第五話 セミテリオのご隠居 その十六
(我輩も理解できませぬが。網のニュースとは何ですかな)
(虎之介殿やロバート殿におわかりにならないこと、私もマサも、ユリさんにもわかりませんのっ。もしかしてカテリーヌさんは分かるのですかのっ)
(いえ、わたくしにもわかりませんわ)
(すみません。ついネットなどと申しまして。internet、インターネット、おっと、これも一昔より前にはなかったですね。え〜と、どう説明いたしましょう。パソコン、先ほどご説明しました電脳機械というものが、今のあちらの世界では大層普及しておりまして、多くの事務所や家庭にパソコンが一台のみならず、それこそパーソナルと言うくらいですから一人一台持っていてもおかしく無い様な時代になっておりまして、そのパソコンを電話線につなぐ、いや、つながなくてもいい場合もあるが、いや、そこまで説明すると更にややこしくなるから)
(ご隠居さま、簡単な説明で構いませんわ。もう頭の中がごちゃごちゃになりそうなお話しみたいですもの)
(え〜と、つまり、テレビとは違って、ネット、網ではなくてインターネットに繋がったパソコンでは見たい時に最新のニュース、報道を調べて見られるわけです。パソコンを使っている人に乗っていれば、そしてその人がパソコンでニュースを見れば、僕も一緒に最新のニュースを読めるわけです)
(便利な世の中になったものですな)
(隔世の感がありますのっ)
(だんなさ〜、そりゃぁ隔世でございますわ。わたくしとて、こちらに世に来て早七十年)

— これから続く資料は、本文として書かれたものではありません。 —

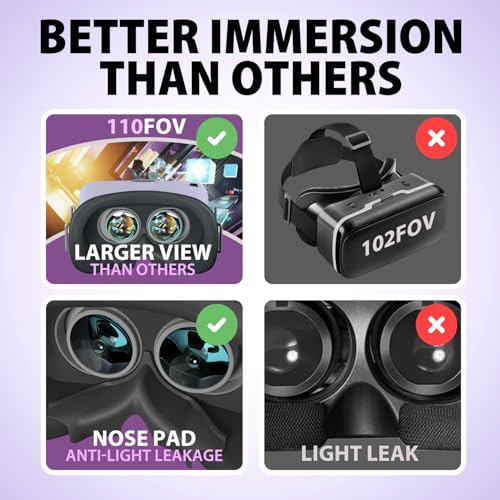 Image of DESTEK V5 VR Headset for Phone w /VR Gamepad, 128 Premium VR apps Included, Anti-Blue Eyes Protected HD Lenses, 110 FOV Virtual Reality Headsets for iPhone, Android Phone - Light Red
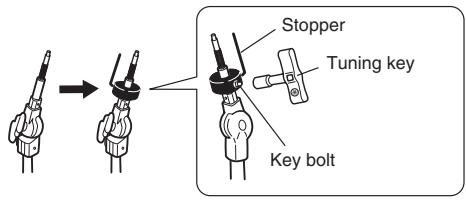 YAMAHA DTX950K - Attaching the Cymbal Pad - 3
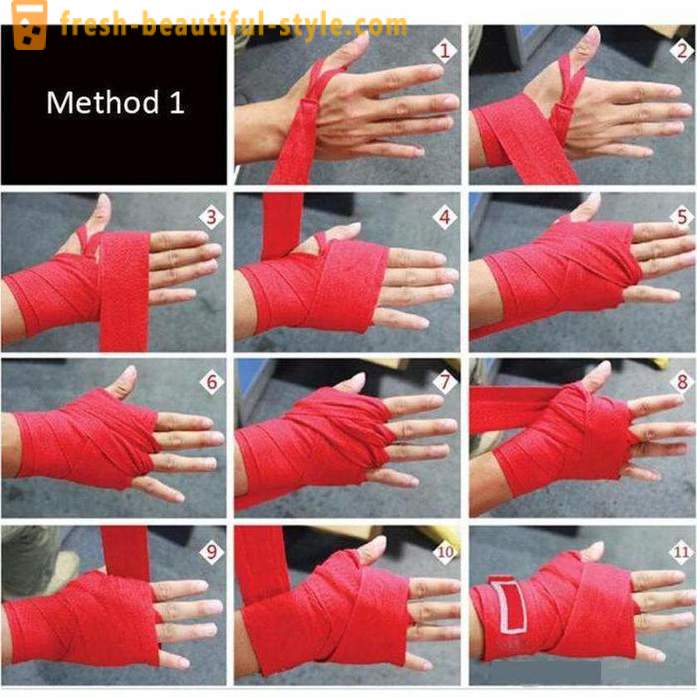 Comment correctement les mains bandés enveloppements poignet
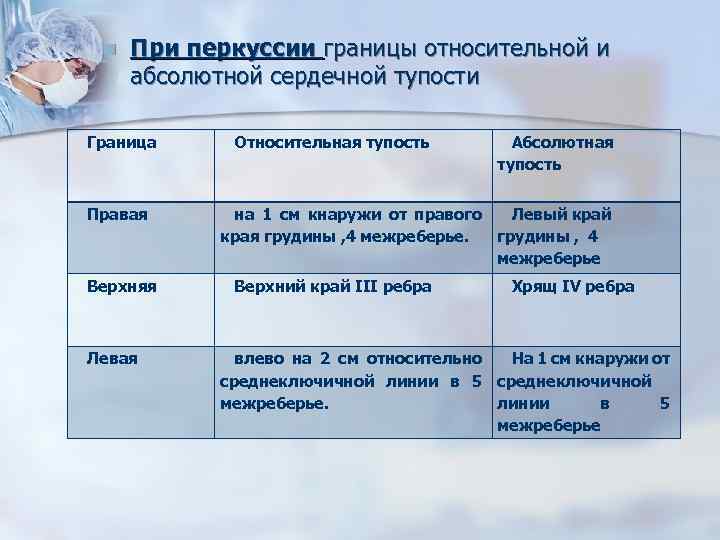 n При перкуссии границы относительной и абсолютной сердечной тупости Граница Правая Верхняя Левая Относительная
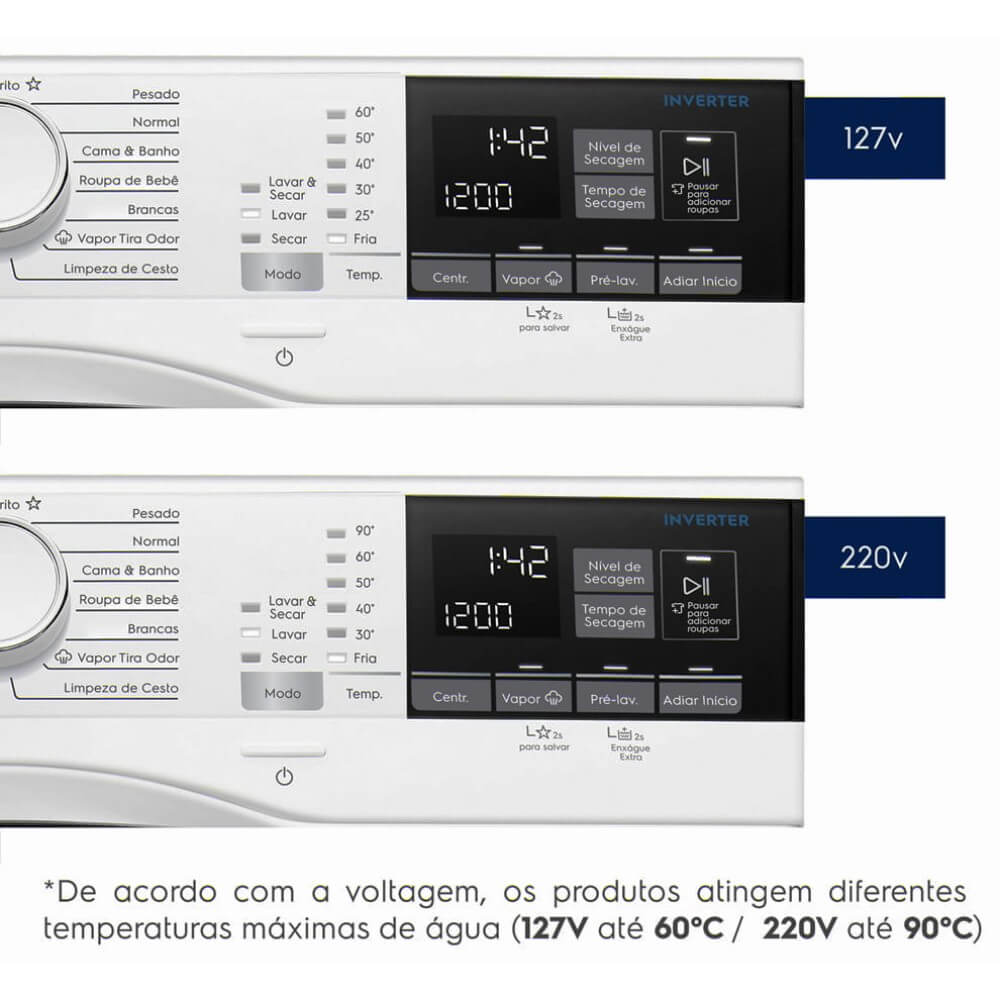lavadora-electrolux-lava-e-seca-perfect-care-inverter-11kg-branca-127v-lsp11-5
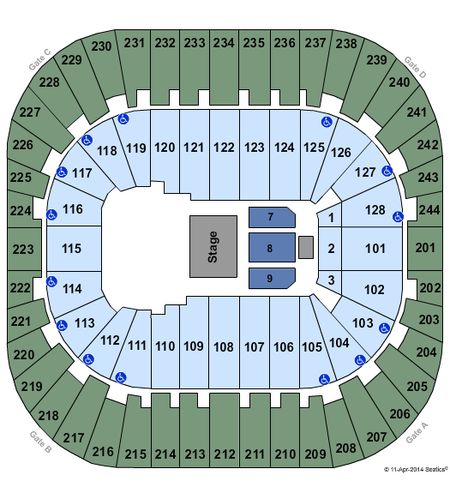 Izod Center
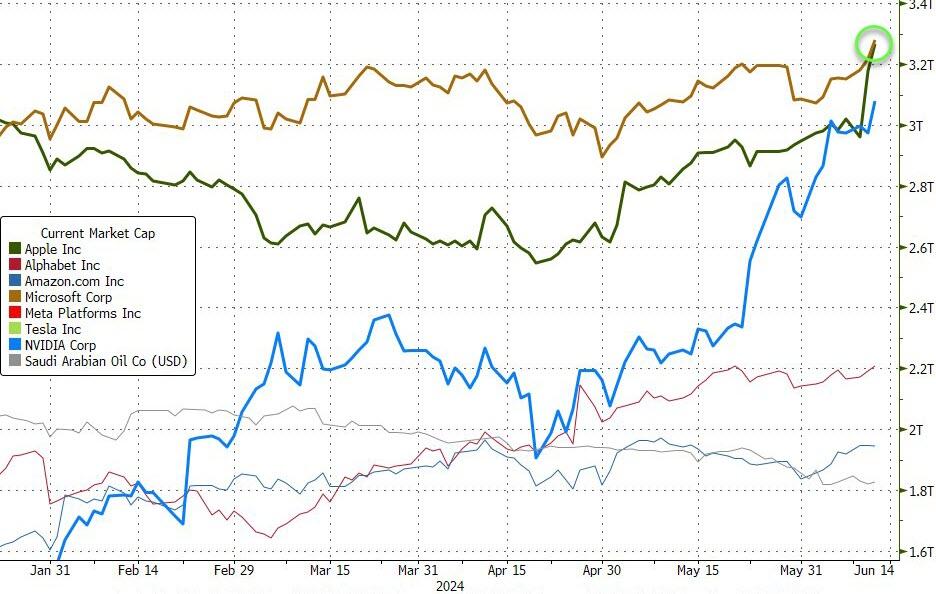 美国50ETF、纳指100ETF涨超3%，标普500指数和纳指均创收盘新高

(それで、そのぉ、人に乗って一緒にパソコンのニュース、つまりネットのニュースを見ていますとね、警官や先生の犯罪ってしょっちゅうあるんですよ。犯罪に手を染めないように教育する立場の先生と、犯罪者を捕まえる警察官が犯罪を犯すなんて、笑い話にしちゃいけない笑い話ですよね)
(情けない世の中になったものですのっ。哀しいですのっ。警察官や先生が犯罪者とは、消え入りたいですのっ)
(だんなさ〜、消えないでくださいませ。だんなさ〜のいらっしゃらない世はもうたくさんです、あちらの世だけで)
(嬉しいことを言ってくれるのっ)
(お熱いですわね。うらやましいです。ユリ、こういうご夫婦になりたかったですぅ)
(まぁ、ユリさん、熱さ寒さを感じられるのでしょうか)
(いいえ、どうして)
(今、お暑いとおっしゃったので)
(カテリーヌさま、お熱いのはユリじゃなくて、彦衛門さま、マサさまのことです)
(まぁ、彦衛門さま、マサさまは熱くなれるのですか、気の世界でも)
(いえ、あのぉ、カテリーヌさま、温度ではなくて、心が熱い、ですから、え〜と、とっても親しいという意味で)
(それそれ、それですよ、現代用語でらぶらぶ)
(おっ、先ほどのlove, loveですなっ)
(情けない実態ですが、彦衛門さん、あまり悲観なさらないでくださいよ。実はね、警察官どころじゃないんです。先日見たニュースでは、検察官が検察庁の中で犯罪を犯したそうです)
(検察庁の中でですかっ。この前僕が行った日比谷の近くのですかっ)
(いえ、虎之介さん、東京じゃなくて、大阪らしいです)
(へぇ、警察官より上の立場の検事がねぇ)
(ほんと、noblesse obligeどころじゃないですな。そんなひどいのはあちらの、この国だけなのですかな。いや、たぶん世界中なのですかな。嗚呼情けないことですな)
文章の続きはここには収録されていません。